As we reported this morning, EPA administrator Lisa Jackson was forced to admit she had not even read the Waxman-Markey carbon taxing bill before her agency released a report claiming the economic impact of cap and trade legislation would be “modest.” Asked how the EPA could produce a report on a bill they hadn’t even read yet, Jacson said: “We had to make assumptions.”
What were some of those assumptions? For starters, as University of Colorado professor Roger Pielke notes, the Obama EPA used GDP growth estimates far below those used by the Obama Office of Management and Budget. To make his unprecedented deficit spending look as innocuous as possible, Obama’s OMB used a 3.3% projected GDP growth rate. But Obama’s EPA used a 2.5% GDP growth rate. That may .8 difference may seem small, but applied to the entire economy the smaller EPA estimate means a $1.22 trillion smaller U.S. economy.

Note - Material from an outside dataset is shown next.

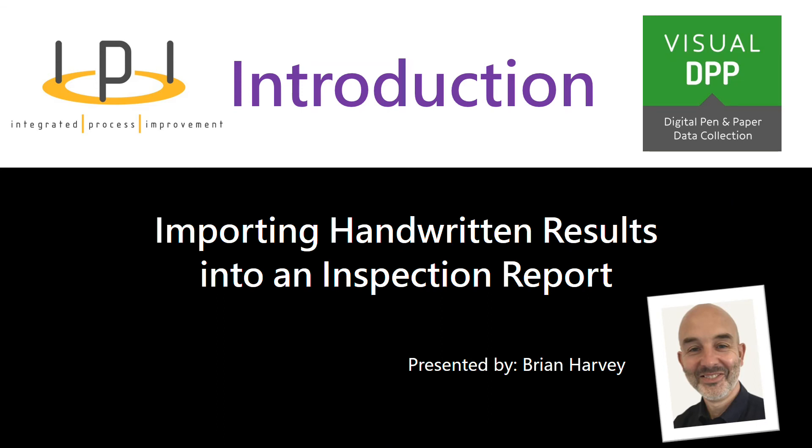Hello, my name is Brian Harvey and I'd like to introduce you to today's webinar. It's importing handwritten results into an inspection report.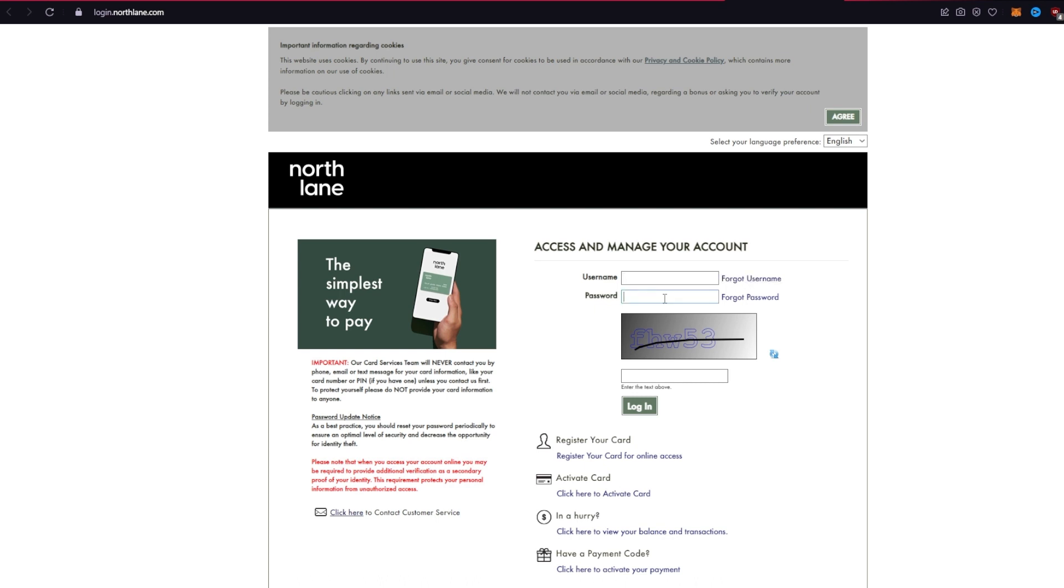If you don't remember your password, click on forget password link and follow the instructions. After filling in your credentials, type the captcha at the bottom and verify that you are human, and then click on the login button.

So why did Obama’s EPA use smaller GDP growth estimates? Peilke explains:
A lower GDP means fewer emissions. It also means that needed efficiency gains are smaller to meet the same targets. For instance the EPA analysis assumes that the US will see energy intensity improve at a rate faster than the 2.5% per year GDP growth. To maintain the same energy demand figures this rate would have to increase to above 3.3% per year. … The point is that in addition to the “lost” GDP growth, there would be considerable extra costs for emissions reduction (determining how much would require re-running the EPA analysis, but it is safe to say that it would be a lot).

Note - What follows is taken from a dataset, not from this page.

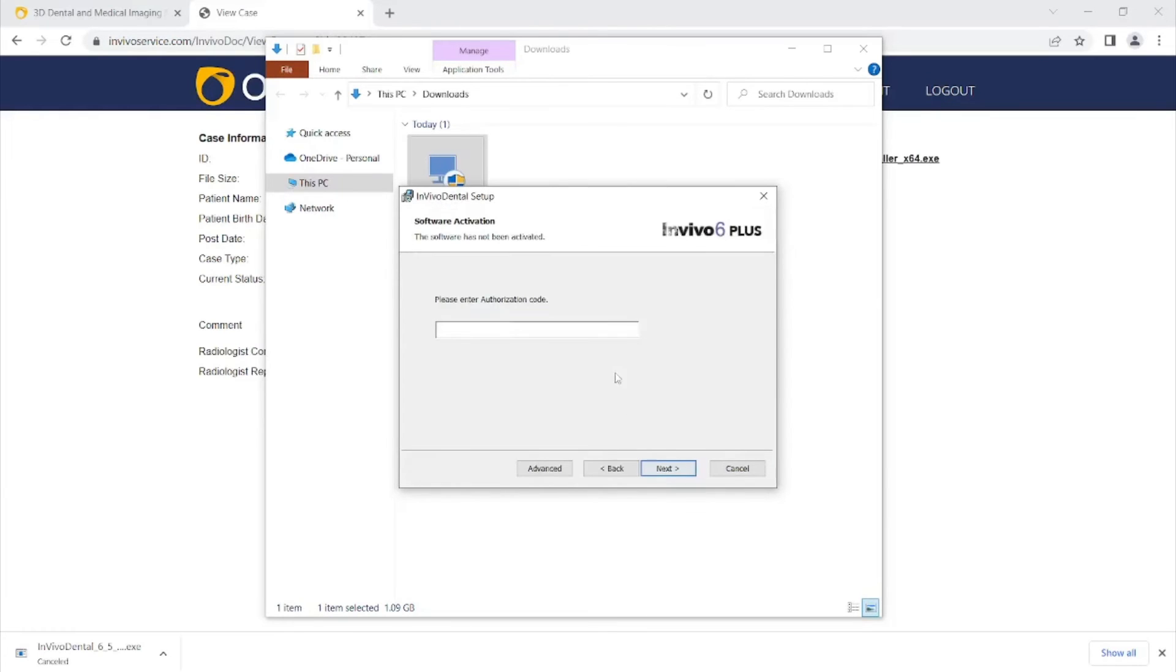You will be asked for the authorization code also given to you by our software support team. Enter that and continue through the installation steps.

So in order to get the emissions reduction numbers to work out, Jackson had to shrink the U.S. economy by $1.22 trillion. Pielke writes: “How much is $1.22 trillion? About $11,000 per U.S. household.” In other words, Obama administration EPA administrator Lisa Jackson stole $11,000 from every American household just so the Obama administration could lower world temperatures by 0.14°F.